*** Opening of Data in this exercise ***

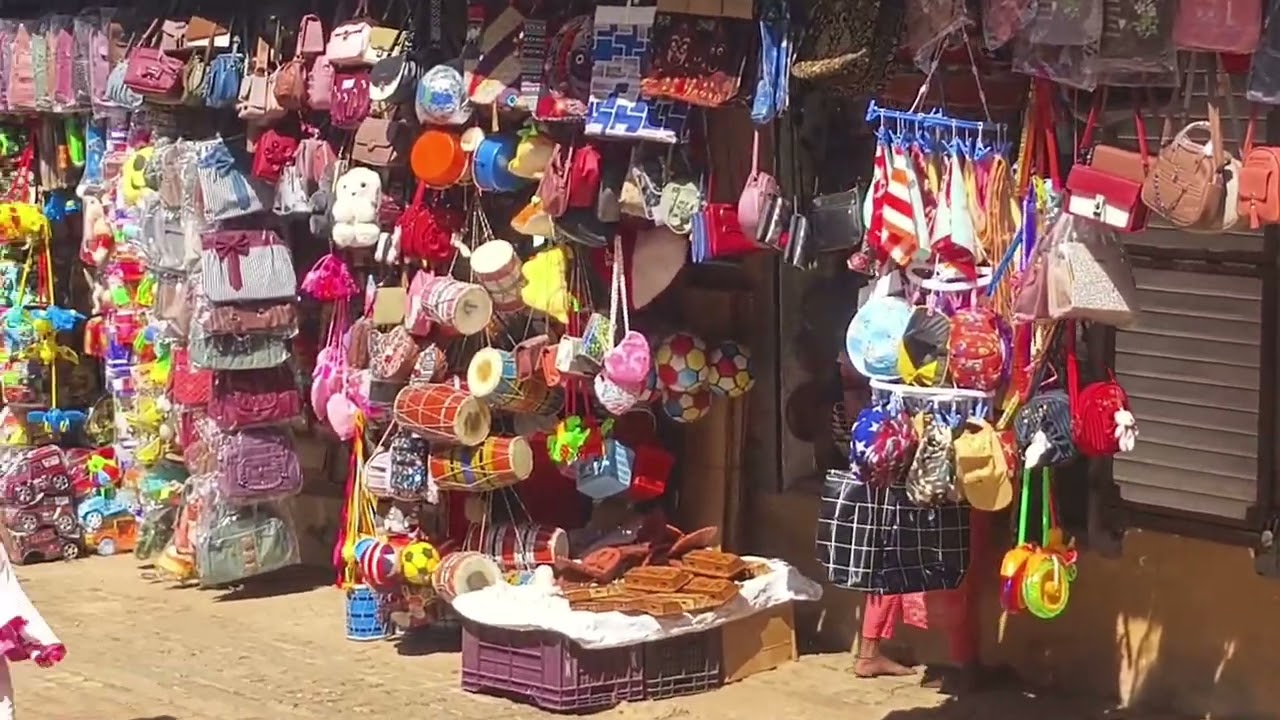 ନନ୍ଦ ର ବିହାଘର (Nrusinghanath Mandir)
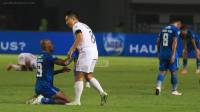 David Da Silva Mandul di Tiga Laga Persib, Goran Paulic Tak Risau 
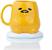 Gudetama Collectible | Gudetama The Lazy Egg 3D Ceramic Mug 16 Ounces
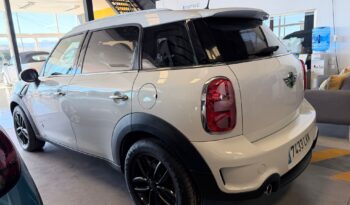 Mini Cooper S full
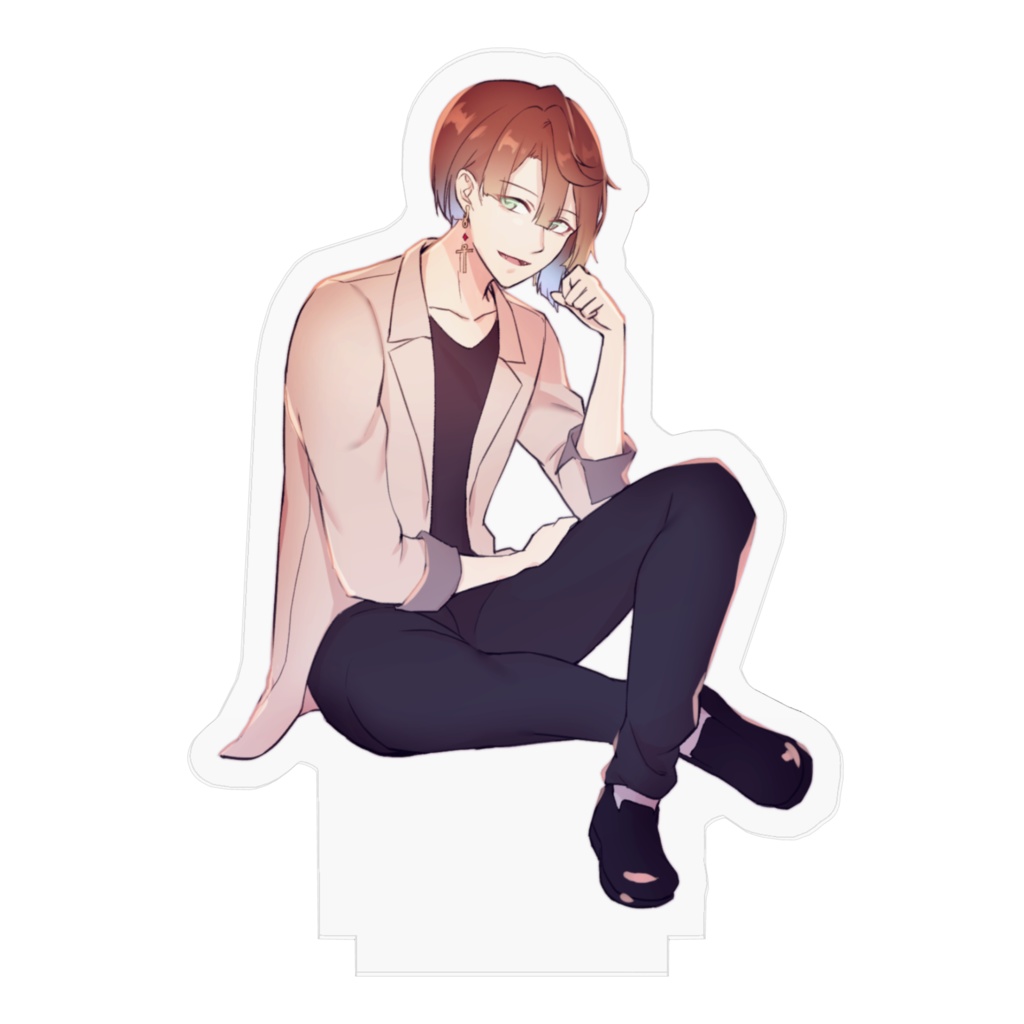 アクリルスタンド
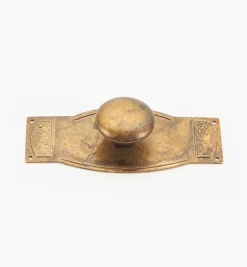 Sale Plateau Art Deco Knobs Knobs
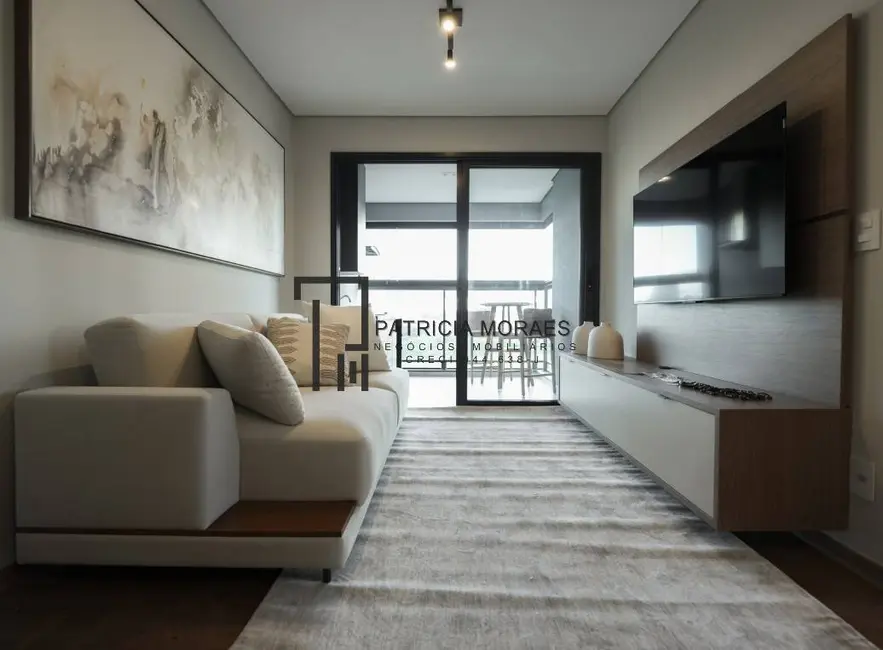 Foto 9 de Apartamento com 2 quartos à venda, 73m2 em Jardim Maria José, Votorantim - SP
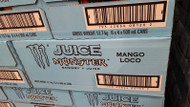 Monster Energy Mango Loco 24x500ML | Fairdinks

*** Close of Data in this exercise ***

**Assigned task**
With the pictures omitted, print each line of the data above precisely as given.

**Expected output**
 ନନ୍ଦ ର ବିହାଘର (Nrusinghanath Mandir)
 David Da Silva Mandul di Tiga Laga Persib, Goran Paulic Tak Risau 
 Gudetama Collectible | Gudetama The Lazy Egg 3D Ceramic Mug 16 Ounces
 Mini Cooper S full
 アクリルスタンド
 Sale Plateau Art Deco Knobs Knobs
 Foto 9 de Apartamento com 2 quartos à venda, 73m2 em Jardim Maria José, Votorantim - SP
 Monster Energy Mango Loco 24x500ML | Fairdinks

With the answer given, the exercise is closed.